WHAT THE EXERCISE ASKS -> Leave the pictures out and restate every line below exactly.

RECORDS FOR THIS EXERCISE ->
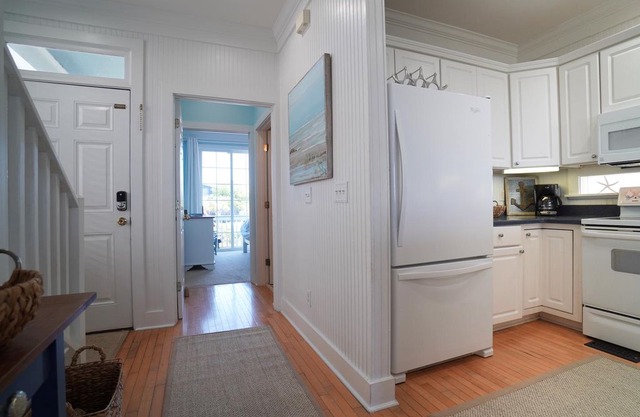 17 Quarterdeck Lane - House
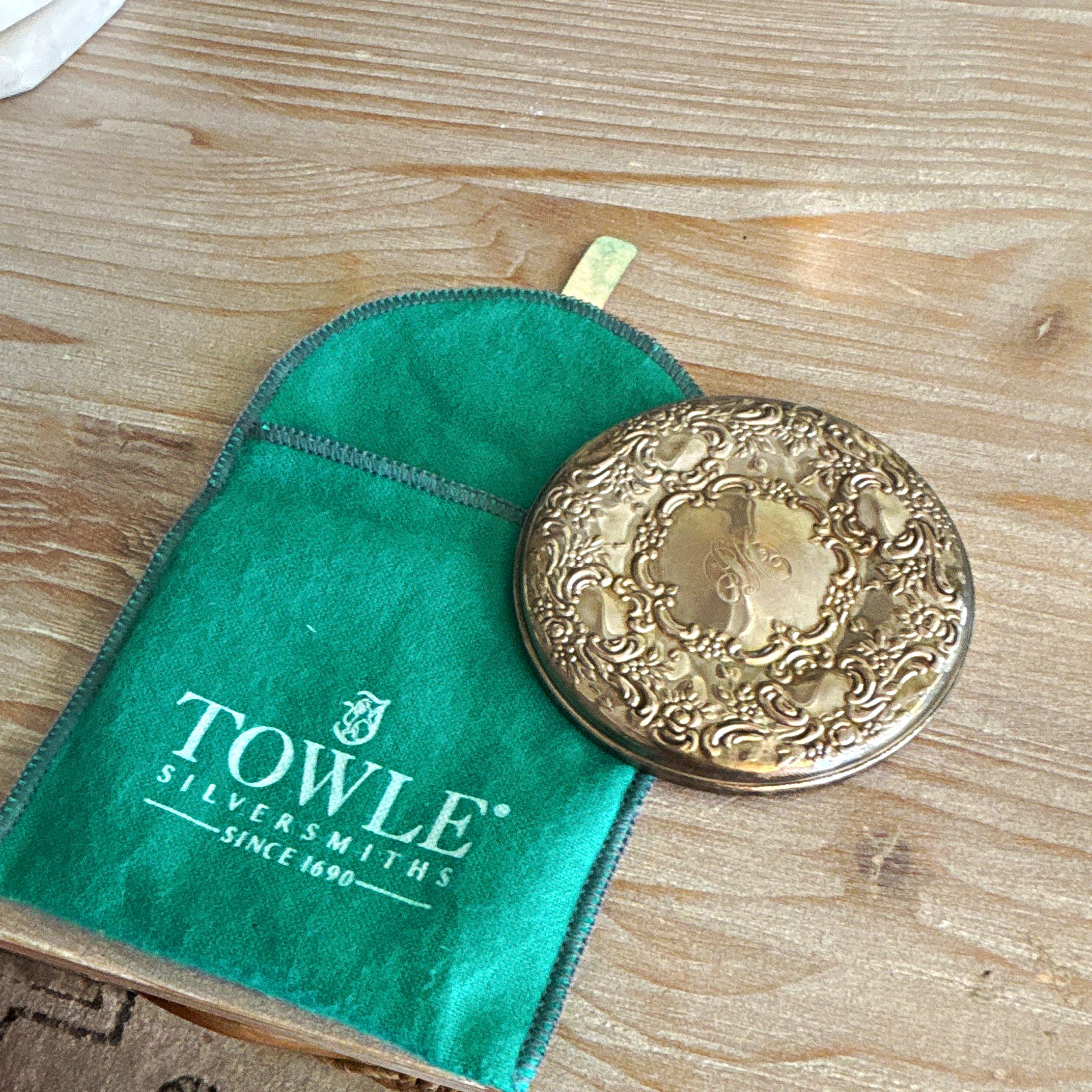 Towle Silversmiths Round Sterling Silver Compact Mirror w/ Pouch new w/ sticker Towle Silversmiths Round Sterling Silver Compact Mirror w/ Pouch new w/ sticker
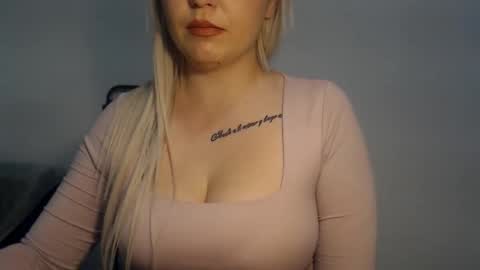 Teeyara  online show from 02-10-26, 06:45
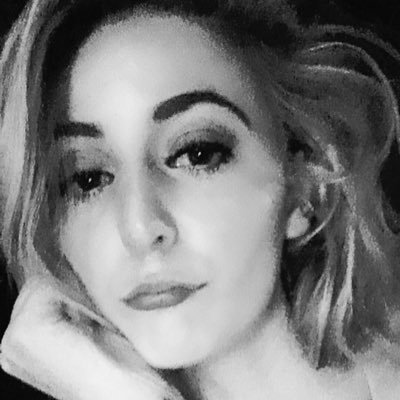 estellevandy's profile picture. est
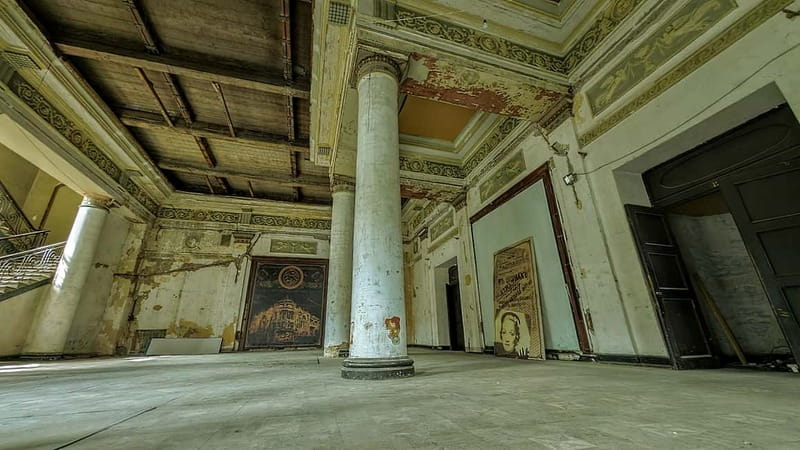A Journey Through Abandoned Wonders - Tbilisi Urbex Tour - Stop 2: The abandoned movie theater, including the Apollo cinema feel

YOUR SOLUTION ->
 17 Quarterdeck Lane - House
 Towle Silversmiths Round Sterling Silver Compact Mirror w/ Pouch new w/ sticker Towle Silversmiths Round Sterling Silver Compact Mirror w/ Pouch new w/ sticker
 Teeyara  online show from 02-10-26, 06:45
 estellevandy's profile picture. est
A Journey Through Abandoned Wonders - Tbilisi Urbex Tour - Stop 2: The abandoned movie theater, including the Apollo cinema feel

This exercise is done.